REPUBLIKA.CO.ID, JAKARTA-- Guru Besar Hukum Internasional UI Hikmahanto Juwana menilai pemerintah Indonesia akan sulit mengabulkan lobi Australia yang meminta dua orang warganya tidak dieksekusi dalam pelaksanaan hukuman mati berikutnya.
"Ada tiga alasan bagi Presiden Jokowi untuk menolak lobi Australia tersebut, disamping pelaksanaan hukuman mati merupakan masalah kedaulatan dan penegakan hukum di Indonesia," kata Hikmahanto di Jakarta, Selasa.
Alasan pertama, lobi ditolak karena pemerintah tidak ingin dianggap diskriminatif terhadap warga dari negara lain, seperti Belanda dan Brazil. "Inkonsistensi berarti perlakuan yang berbeda yang harus dicarikan alasan," kata dia.

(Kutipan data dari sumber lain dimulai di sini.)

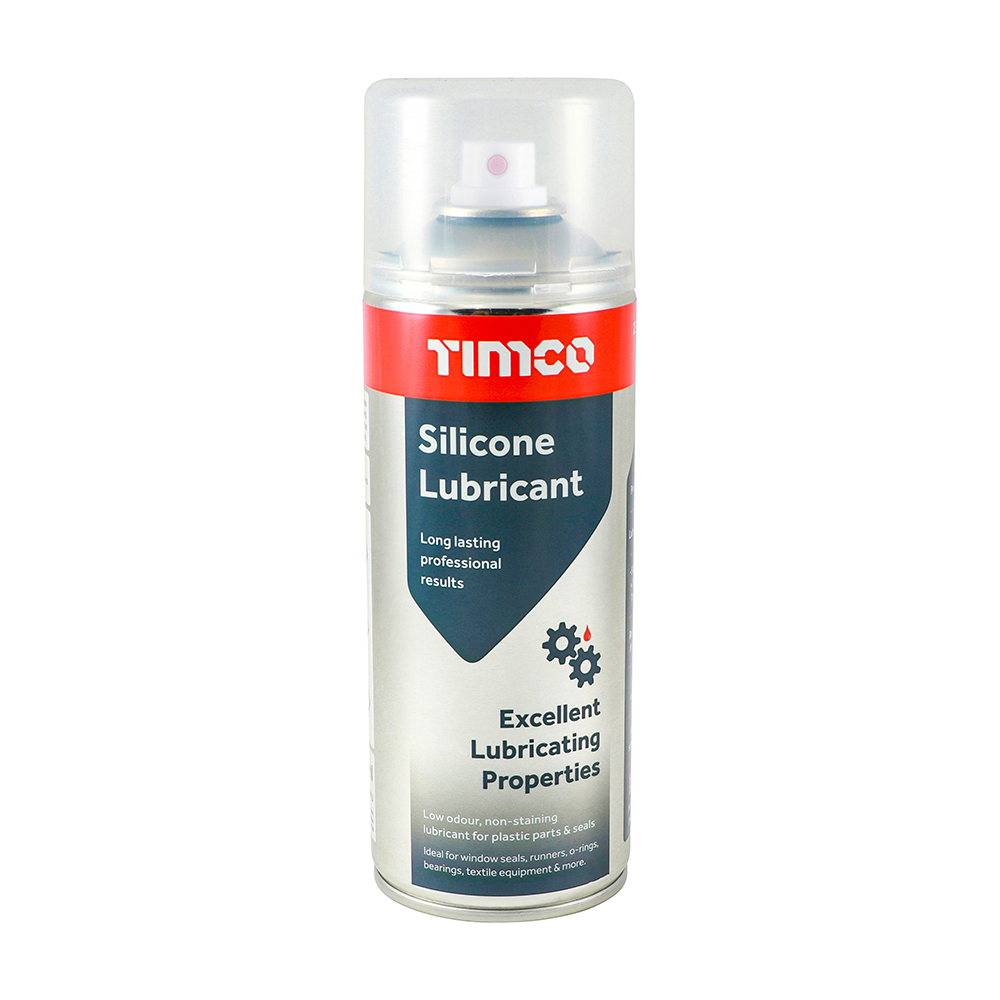 380ml Silicone Lubricant 1 EA Screws & Fasteners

Kedua, bila lobi Australia dikabulkan Presiden Jokowi maka Presiden akan berhadapan dengan mayoritas publik Indonesia yang geram dan marah atas maraknya penyalahgunaan narkoba di Tanah Air. "Publik akan menganggap Presiden tidak memenuhi janji dan gagal dalam menyerap aspirasi," kata Hikmahanto.
Ketiga, apabila ada inskonsitensi dari Presiden Jokowi maka hal tersebut akan menjadi "bola liar" bagi dunia perpolitikan di Indonesia. Hikmahanto juga mengingatkan bahwa sampai saat ini hampir semua partai baik yang terafiliasi pada Koalisi Merah Putih (KMP) atau Koalisi Indonesia Hebat (KIH) mendukung kebijakan tegas Presiden Jokowi untuk melaksanakan hukuman mati.
Pemerintah Australia melalui Perdana Menteri Tony Abbott dan Menteri Luar Negeri Julia Bishop secara intensif melakukan lobi kepada pemerintah Indonesia, baik Presiden Jokowi maupun Menlu Retno Marsudi agar dua warganya tidak dieksekusi mati dalam pelaksanaan hukuman mati berikutnya.
Hal ini dilakukan setelah sebelumnya Kejaksaan Agung telah melaksanakan eksekusi terhadap enam orang terpidana mati, yang masing-masing berasal dari negara Indonesia, Brazil, Belanda, Malawi, Vietnam dan Nigeria. Pelaksanaan hukuman mati itu disesalkan pemerintah Brazil dan Belanda.